От этого Жерара пошла легенда, что мой отец Григорий Похазнекян был потомком Айвазовского по линии первой жены Юлии Греф, что есть могила бабушки Александры в Феодосии. Но это так и осталось легендой. Проверить ее подлинность не довелось. О папе в семье, кроме того, что он подлец, многоженец и залетный сценарист, ничего другого я не слышала. Жерар (Жераер), наш сосед-армянин, спасшийся во время геноцида во Франции, был репатриантом. Он ехал в Ереван через Одессу и остался в ней навсегда из-за женщины по имени Нина. Они были удивительной парой и самыми близкими друзьями моей мамы.

Про то, что такое любовь, я узнала от них. Жерар плохо говорил по-русски, а когда встретил Нину, русоволосую красавицу, — вообще не знал ни слова. Он увидел ее на аллее Одесской киностудии. Зачем и как там оказался — не знаю, но, возможно, из-за дружбы с моим отцом. Нина работала в цеху обработки пленки (ЦОП) и вышла в обеденный перерыв покормить белочек, которых развели на киностудии. Для Одессы белки были в диковину. Нина стояла в легком сарафане, задрав высоко голову, заглядевшись на рыжих зверьков. Жерар остановился как вкопанный и сказал самому себе (на французском или армянском, конечно…), а на русском в его пересказе это звучало комично. Передаю дословно, поскольку много раз слышала от него: «Сэрдце сделал стоп и чуть не упаль… Я сказаль сэбе: «Если этот женщин повернет голова и спэреди будет такой, как сзади, то станет мадам Галустьян!» Она повернул голова, и я упаль на кольени…»
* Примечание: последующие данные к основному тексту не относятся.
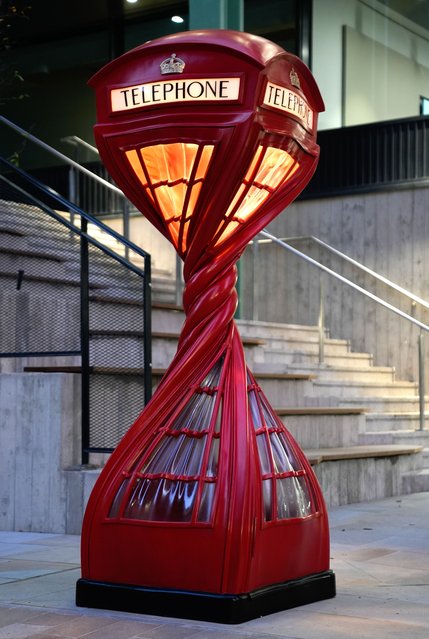 A view of the sculpture “Wring ring”, a traditional British phone box whose body twists through 720 degrees, by artist Alex Chinneck, which is part of his trail of surreal street furniture at Assembly Bristol on Friday, October 25, 2024. (Photo by Andrew Matthews/PA Images via Getty Images)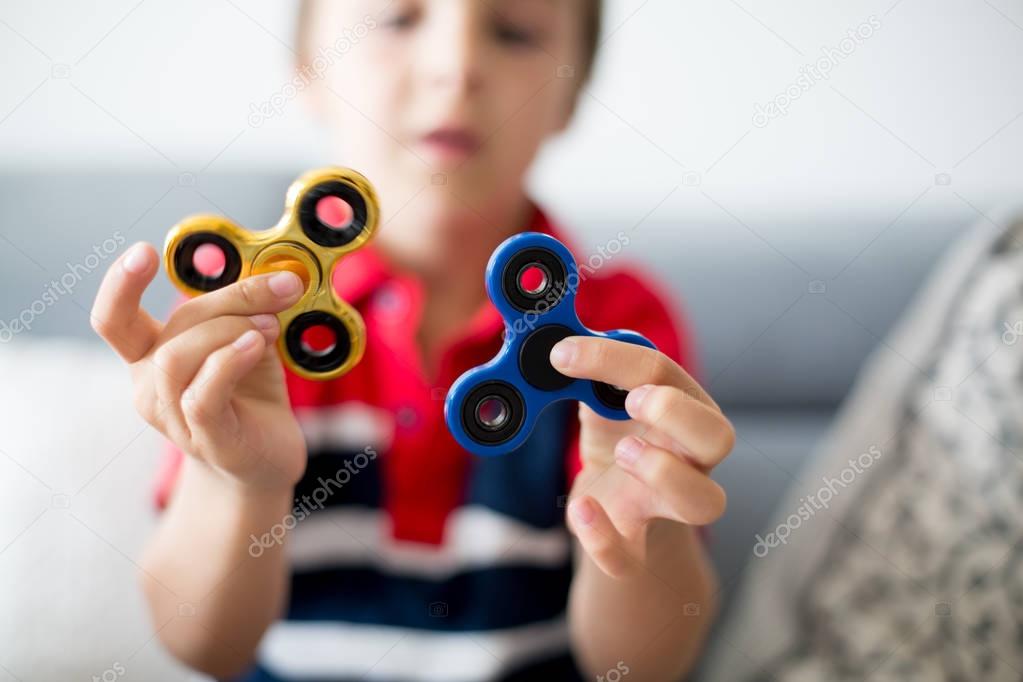 Little child, boy, playing with two fidget spinner toys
Повзрослев, я понимала, что Нине пришлось нелегко с этим странным, но очень красивым человеком. Она учила его языку, кормила, содержала, пока он не нашел работу, но между ними была настоящая любовь. Для меня это слово тогда накрепко связалось с образом этой пары и запахами их дома, который пах крепким кофе, терпким табаком и духами «Белая сирень». Жерар и Нина успокаивали меня, намекая, что я еще обязательно когда-нибудь увижу своего папу, когда мама перестанет на него злиться. Но этого так и не произошло. Мама злиться не перестала, не простив ему двух жен в Феодосии и Ялте (одну официальную, а вторую гражданскую). Он рано умер, но, пока был жив, не стремился наладить с мамой отношения и забыл про существование дочки. Наверное, запутался в детях. Их было немало. Я его видела только на фотографиях — красавец, похож на Грегори Пека с армянским колоритом. А наши носы — один в один.
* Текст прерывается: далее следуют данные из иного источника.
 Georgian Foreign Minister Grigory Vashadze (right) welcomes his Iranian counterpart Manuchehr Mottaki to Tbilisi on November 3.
После того, как мама осталась одна, ее жизнь все больше подчинялась распорядку кино. Собственно, этому была подчинена жизнь большей части обитателей двора. Иногда мама брала меня в монтажный цех, где она работала. Запах ацетона, пирамидки из кубышек для пленки, корзины с обрезками целлулоидной ленты — это был мой мир. Но самое потрясающее воспоминание — это экспедиция. Так назывался выезд на съемки.

Однажды мама взяла меня на съемки фильма, и не куда-нибудь, а на пароход. Снимался фильм «Иностранка». Я бредила поездкой. В гостинице «Куряж» поселили мальчика Азера Курбанова. Он играл в фильме роль принца Джафара. Когда он выходил во двор, казалось, что птицы замолкают, кошки выгибают спины, а деревья перестают шелестеть на ветру, да и сам ветер стихает. Он сторонился нас, в играх не участвовал. Взрослые объясняли это тем, что мы можем случайно повредить его красоту, заехав по лицу мячом или чем похуже… Как ему потом сниматься? Для меня его появление всегда было сродни явлению божества — смуглый темноволосый мальчик с ослепительной улыбкой и глазами-маслинами стоит в стороне и страдает. Ему хочется побегать с нами, но увы… Тогда я и услышала про то, что искусство требует жертв, но не осознала. Про жертвы узнаю потом…

Мысль о том, что я буду рядом с Азером на съемках, что увижу его в роли, гриме и царских одеждах принца Джафара, не давала спать. Мне завидовали подружки. Одна из них, Ксанка, старше меня на три года (я только пошла в школу), написала принцу любовное письмо и попросила ему передать. Кроме письма, она принесла мне украденные у мамы бутылочку лосьона для лица и баночку крема, приказав мазаться ими утром и вечером, иначе принц будет убегать от такой некрасивой девочки. Письмо принцу я не передала. Не потому, что не хотела или обиделась, просто оно улетело. А случилось это уже на пароходе.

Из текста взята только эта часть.